Arriving in a new country to attend a new school where everyone is speaking a different language can seem overwhelming at first. Host families have experience in welcoming students and will not only provide a comfortable and safe living environment, but also help new students get to know their new neighbourhood and locate their new school. In addition, the host family will help the new students to get to know about the local transportation systems and answer any questions the student may have.
Most school boards have developed a comprehensive orientation program which introduces international students to what they can expect in their new school, while also providing key information about their new community. Many school boards offer a local bus tour or ask returning international students to make presentations about how they adapted to their new school and Canadian culture.
Shortly after arrival and usually before a new international student starts at a school, there is an appointment to assess language proficiency, and often mathematics skills as well. This assessment will help to place the student into a learning environment suitable to the student’s needs and ability.
It can be intimidating at first, but know that many international students have come before you and had a successful and enjoyable learning experience. Often you will be welcomed by the school Principal and be introduced to some of the school staff. Many schools have developed their own orientation programs and lots of schools have a student “partner” with you to provide you with a tour of the school and let you know where the Library, Cafeteria, and washrooms are, inform you about school routines, and show you your new classrooms.
These student support services are available to all international students in all secondary schools:
One of the most helpful and important people you will work with during your time as an international student is your assigned “Guidance Counsellor.” In some schools the guidance counsellor works exclusively with international students. Guidance counsellors work in the Student Services Office at the school and provide a wide range of assistance to international students, and can help with arranging your subject timetable, communicate with your subject teachers, answer any questions you have about graduation requirements, as well as support you with any emotional or personal challenges you may be facing. Do not hesitate to make an appointment to see your guidance counsellor whenever you have a concern.
Some school boards have staff in the role of Academic Advisor(s) who may be involved in conducting the initial assessment of students upon their arrival as well as assisting international students with academics throughout the school year. Academic Advisors have an in-depth knowledge about ESL programs and help students to select courses best suited to the student’s ability and interests. The Academic Advisors work in cooperation with the Student Services staff and the guidance counsellors.

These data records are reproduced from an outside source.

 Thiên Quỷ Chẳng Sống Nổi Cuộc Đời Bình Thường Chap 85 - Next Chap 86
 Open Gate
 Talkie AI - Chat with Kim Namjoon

ESL teachers have special training in order to teach ESL students. These teachers understand the challenges of learning a second language faced by international students. To accommodate the international students:
”Using a variety of instructional, assessment, and evaluation strategies, teachers provide numerous opportunities for students to acquire proficiency in English, as well as subject content knowledge. They provide learners with frequent opportunities to practise and apply new learning and, through regular and varied assessment, give them the specific feedback they need to further develop and refine their skills.”

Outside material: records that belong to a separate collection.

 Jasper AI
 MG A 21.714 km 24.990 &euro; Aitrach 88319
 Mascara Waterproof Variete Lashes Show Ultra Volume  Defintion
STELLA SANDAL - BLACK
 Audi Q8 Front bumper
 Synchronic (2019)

(The Ontario Curriculum: Secondary/English as a Second Language and English Literacy Development: www.edu.gov.on.ca/eng/curriculum/secondary/esl.html, p. 8)

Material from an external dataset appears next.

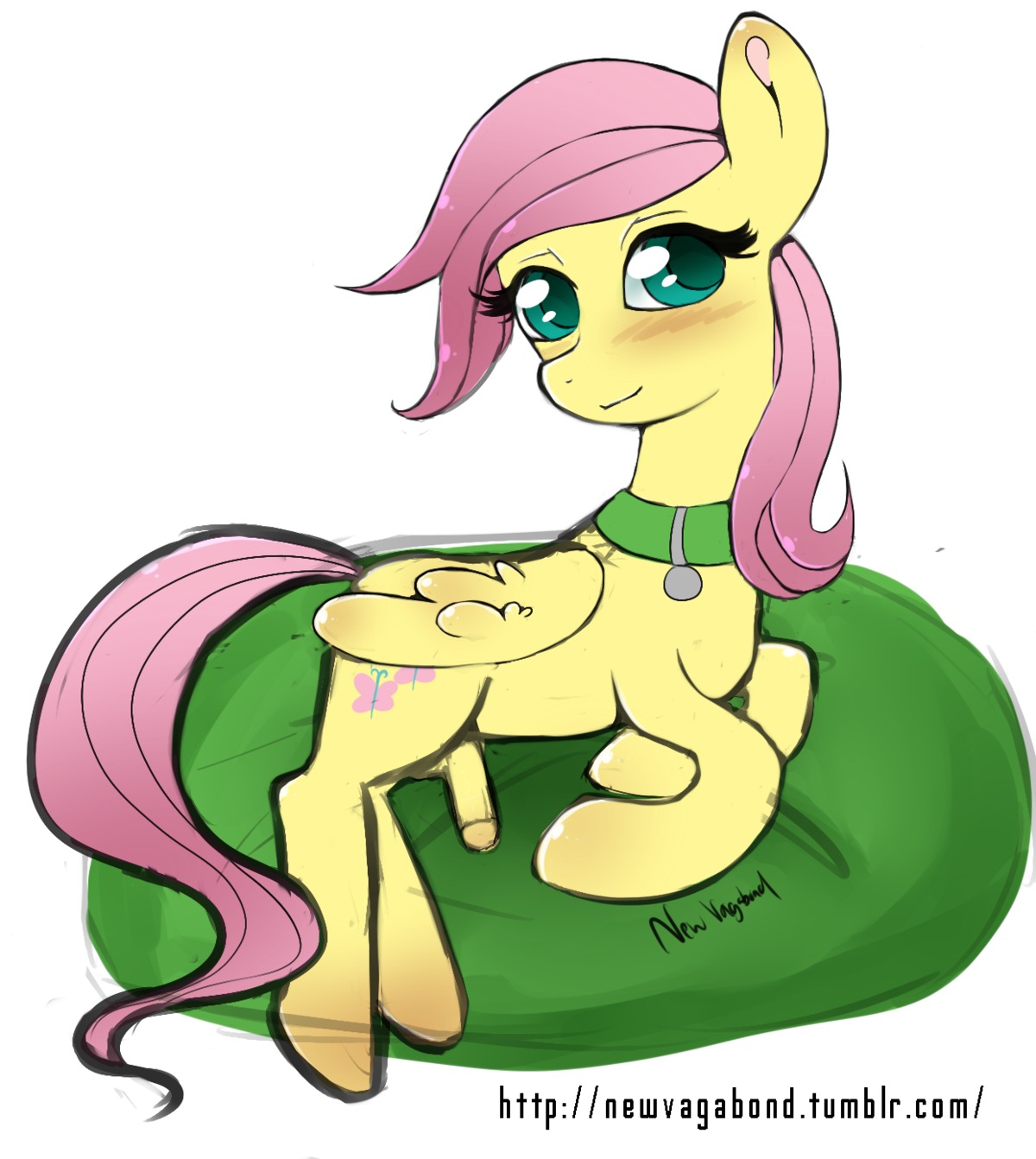 equine feral fluttershy_(mlp) friendship_is_magic futanari horse intersex my_little_pony pegasus pony rule34 smooth_skin tagme tail wings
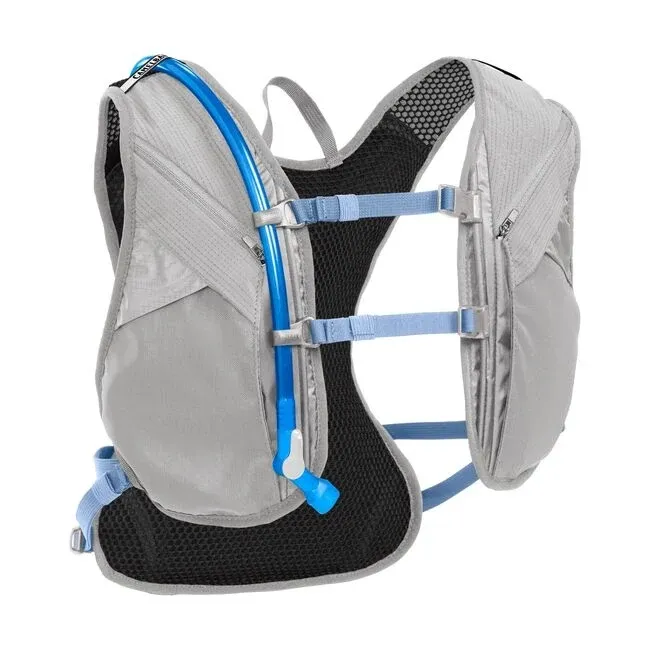 CamelBak Chase Race Dame Drikkevest, Grå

Many teachers offer extra-help sessions at lunchtime or after school to any students who may need assistance. It is important to let your teacher know if you feel you require this extra support; alternatively, your teacher may suggest that you ought to take advantage of extra assistance to support your classroom learning. In some instances, a resource teacher or teacher’s aide may provide additional assistance with “one-to-one” support. In addition, many schools offer peer support programs where students volunteer to help other students to practice conversing in English or tutoring with homework assignments.
Some school boards employ Multicultural Liaison Officers (MLOs) in schools; these staff members speak a number different languages and may be called upon to assist international students, especially with translation and in communicating with either school staff or parents.